(related to How can I make R maintain utf8 encodings? but not quite the same issue; also related to Force character vector encoding from "unknown" to "UTF-8" in R but not exactly the same, as in my case the conversion seems to happen upon creating a tibble, not during file read/write)
Consider the following tibble:
foo <- tibble(aa=c("ℬ", "", "", "ℱ", "γ","δ","ε","φ"),
uu=c("\U0000212c","\U0001d49e","\U0001d49f","\U00002131","\U000003b3","\U000003b4","\U000003b5","\U000003c6"))
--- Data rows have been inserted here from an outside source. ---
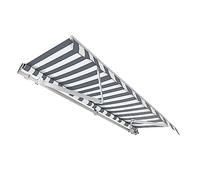 Toboli Tenda da sole con bracci a snodo e protezione UV 3x2,5m Antracite/bianco Montaggio a parete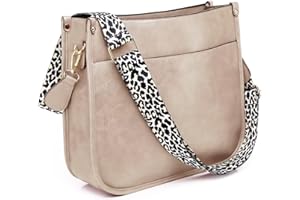 AUYOCO Vegan Leather Crossbody Bags for Women, Crossbody Purse with Guitar Strap Zipped Pockets Handbag Shoulder Bag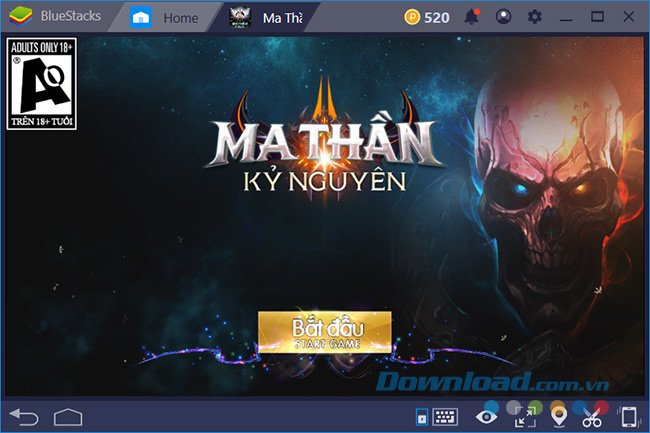 Bắt đầu vào game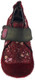 Women's Shoes, Irregular Choice Pony Hair ankle boot, burgundy printed fabric upper with pony hair overlay, metallic suede covered heel and velcro closure. Padded claw design strap with embroidered cat face.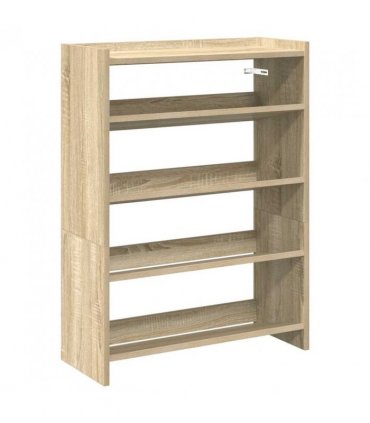 vidaXL Shoe Rack Sonoma Oak 60x25x81 cm Engineered Wood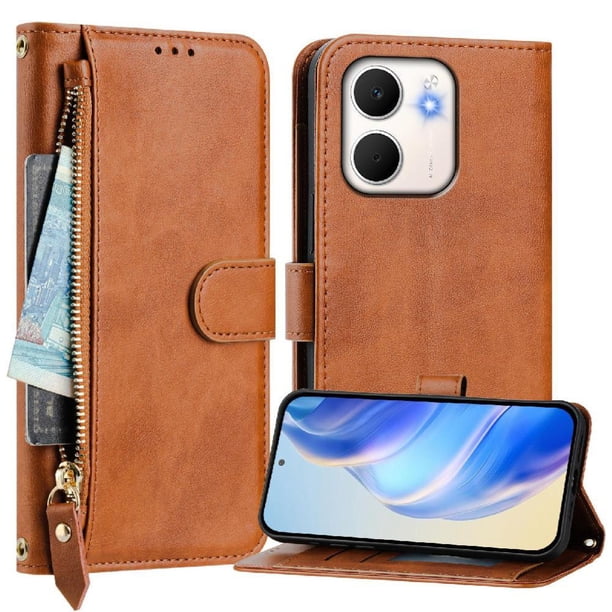 FOXDOCK Funda Tipo Cartera para Tecno Hot 9 Cuero PU con Cremallera y Correa de Muñeca, Ranuras para Tarjetas, Soporte Plegable, Cierre Magnético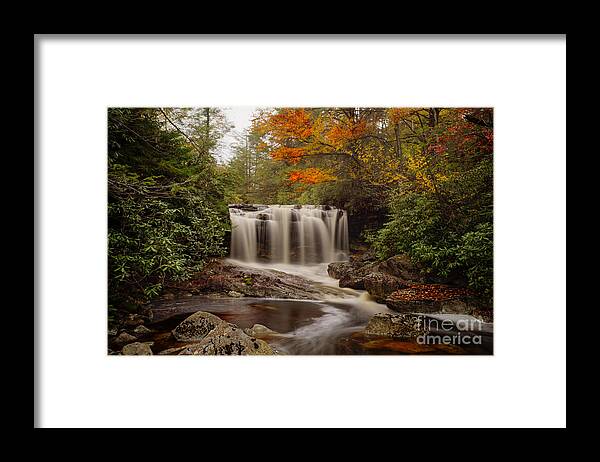 West Virgina Waterfalls Framed Print featuring the photograph Upper Falls waterfall on Big Run River by Dan Friend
Best I can tell, column uu contains the utf-8 codes for the symbols in aa.
In Rstudio console,
> foo
# A tibble: 8 x 2
aa uu
<chr> <chr>
1 "B" "B"
2 "\U0001d49e" "\U0001d49e"
3 "\U0001d49f" "\U0001d49f"
4 "F" "F"
5 "<U+03B3>" "<U+03B3>"
6 "d" "d"
7 "e" "e"
8 "f" "f"
The two columns appear to be identical (as we will see, they aren't). Some characters have been converted to their utf code, and some have been converted to a near equivalent, for instance the gamma was recognized as an utf character and stayed a gamma, but the delta was converted to a d.
> sapply(foo,Encoding)
aa uu
[1,] "unknown" "UTF-8"
[2,] "UTF-8" "UTF-8"
[3,] "UTF-8" "UTF-8"
[4,] "unknown" "UTF-8"
[5,] "UTF-8" "UTF-8"
[6,] "unknown" "UTF-8"
[7,] "unknown" "UTF-8"
[8,] "unknown" "UTF-8"
Ok. So we actually have two issues. The first one is that some utf characters of col. uu are not rendered by the print() method, for instance the delta; but R still knows that this is a utf delta and not really a d. Not a big deal.
The second one is that some characters have been transformed into their nearest ascii equivalent. The delta in col. aa, for instance is converted to a real d. But the gamma is not !
We can check this by saving into a csv file:
write_csv(foo,"foo.csv")
and now, in a text editor:
or in excel (yes, I did import using the data source wizard and explicitly told it was utf-8):
The text editor (it's notepad++) lacks some of the glyphs, but it seems clear that column uu contains utf glyphs everywhere, whereas in aa some have been converted to ascii near-equivalents. Excel has all the glyphs and renders uu correctly, in aa we still see that some characters (delta, epsilon, phi and the weirdest script capitals) were converted to ascii near-equivalents.
So, the question is double:
- Why are some UTFs converted to ascii (e.g. delta, <U+03B4>) but not some others (e.g. gamma, <U+03B3>) ? How can I know which one is safe ? Incidentally, why are some rendered as <U+03B3> and some as "\U0001d49f" ?
- How can I prevent this from happening - Ok, the answer is in my question, by explicitely giving the full UTF code...
This is all with French locales, R 4.1 and Rstudio 1.4 but I don't think it makes a huge difference here.